- Book: Lakewood by Megan Giddings (MG) available today, March 24, 2020, in the US
- Featured Tea: Mint Green Chai, sencha green tea beautifully balanced with cardamom, ginger, and clove. A soothing peppermint finish
- Participants tea selections: Peppermint tea, Chocolate Hazelnut Latte, Pomegranate & blueberry herbal tea, and Green tea
Let’s begins the Q&A. Now that everyone’s seated with their books, tea selections and tea treats of choice, it’s time to get started.
Note: This is a fictitious Q&A based on the book synopsis & interviews I read online, from theRumpus.net & Los Angeles Times. I did enlist help from fellow bookstagrammers, which I’ve linked below, to create an engaged & informed audience.
BBTCC: Let’s start with an intro from one of our audience members.
engineersreadtoo: (sips peppermint tea) It couldn’t be a more perfect time for this book to be available to the world. If the government told you that the only thing standing between a cure to covid-19 is participants to test it out on- would you do it? You’d be fully compensated and offered medical care for yourself and your family- you just have to do everything they ask. That’s the decision Lena had to make for her family. Suspenseful, horror-filled, Jordan Peel-ish… How much would you be willing to sacrifice?
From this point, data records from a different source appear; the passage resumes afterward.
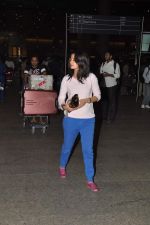 Surveen Chawla snapped at the airport in Mumbai on 13th Jan 2015 (9)_54b661464d47f.JPG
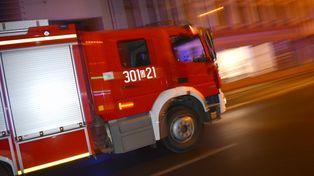 Pożar garażu w tarnowskim. W Olszynach liczne siły straży pożarnej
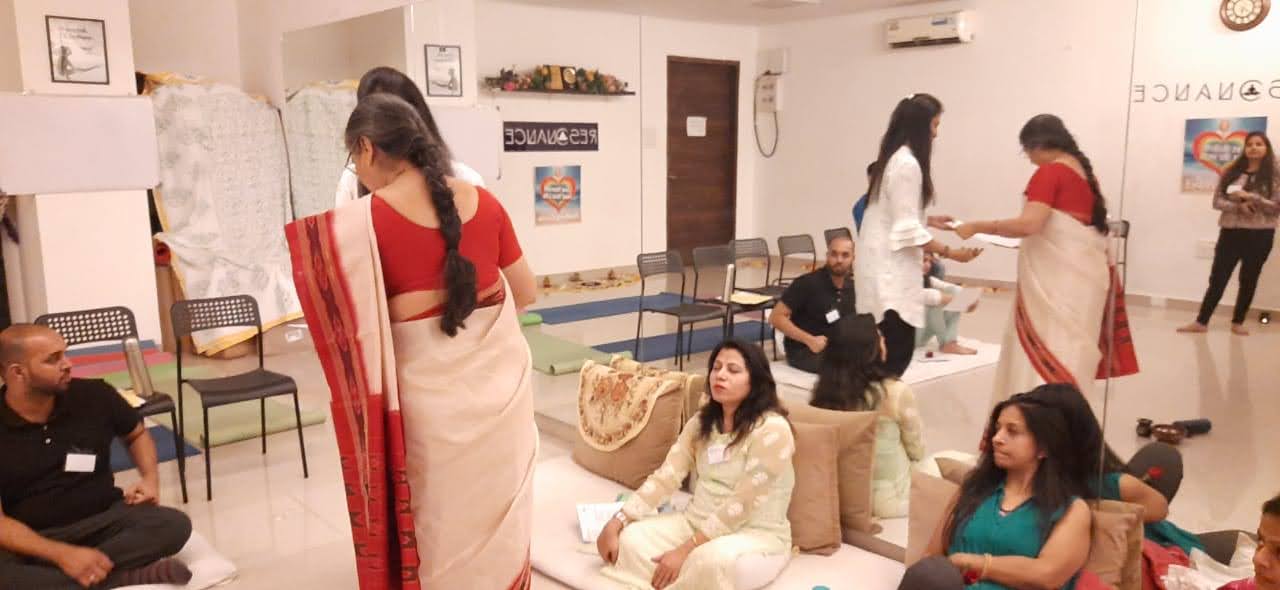 Resonance Reiki 01 - Healing Circle by Aarti Gupta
BBTCC: Thank you, very fitting comparison! Megan, please tell us about your debut novel, Lakewood. There is a comparison to The Immortal Life of Henrietta Lacks as well.
MG: Lakewood is a literary fiction novel that takes place in a fictional town in Michigan. Lakewood is a coming-of-age novel that is more interested in what it looks like to come of age without putting sex in the equation. Lakewood is a novel that is about many kinds of inequity that are still thriving in the United States.
BBTCC: What motivated you to write Lakewood?
MG: Some of Lakewood was generated from many conversations with friends about what it’s sometimes like to be not white in the United States. When I started reading more about the different research studies that have happened on different at-risk populations in the US—I’m hesitant here to only say black because Native and Indigenous people were also used as research subjects and as far as I know, the US government has not apologized to them—I think this all worked together to help make the foundation for Lakewood as it is today.
bookedandrooted: (sips green tea) This book is weird, but in an interesting way. It gave me “Sorry to Bother You” (movie) and Jordan Peele’s Get Out vibes. With nuances of slavery, racism and the abuse of black and brown bodies Lakewood definitely hit the mark.
BBTCC: Those movie comparisons seem spot on. I couldn’t help but wonder about “an eye drop turning brown eyes blue” – I got some Black No More (by George Schuyler) vibes. Has anyone else read that book?
never_withouta_book: (sips Chocolate Hazelnut Latte) YAAAAS on Black No More. In Lakewood, they have this girl eating and drinking what she thinks is food but I know they put all kinds of experimental drugs in it and the questions they are asking her? Yeah, something’s not right.
melanatedreader: (sips pomegranate & blueberry tea) Like you know something is not quite right so you just have to keep reading… Girl it’s eerie 😩😩
BBTCC: Thank you ladies. Megan, does Lena really understand or give consent to the research being conducted on her and others at Lakewood?
MG: When you’re in a legitimate research study, the doctors will walk you through every possible thing that could happen. At Lakewood, I don’t count it as consent, because everybody who works at the facility always has more knowledge than Lena. They don’t really tell her the risks.
BBTCC: Thank you everyone for stopping by Books by the Cup Café for our discussion with Megan Giddings about her new book Lakewood. If you’ve read this book, I hope you will share it with others. If not, I hope this interview will encourage you read this book.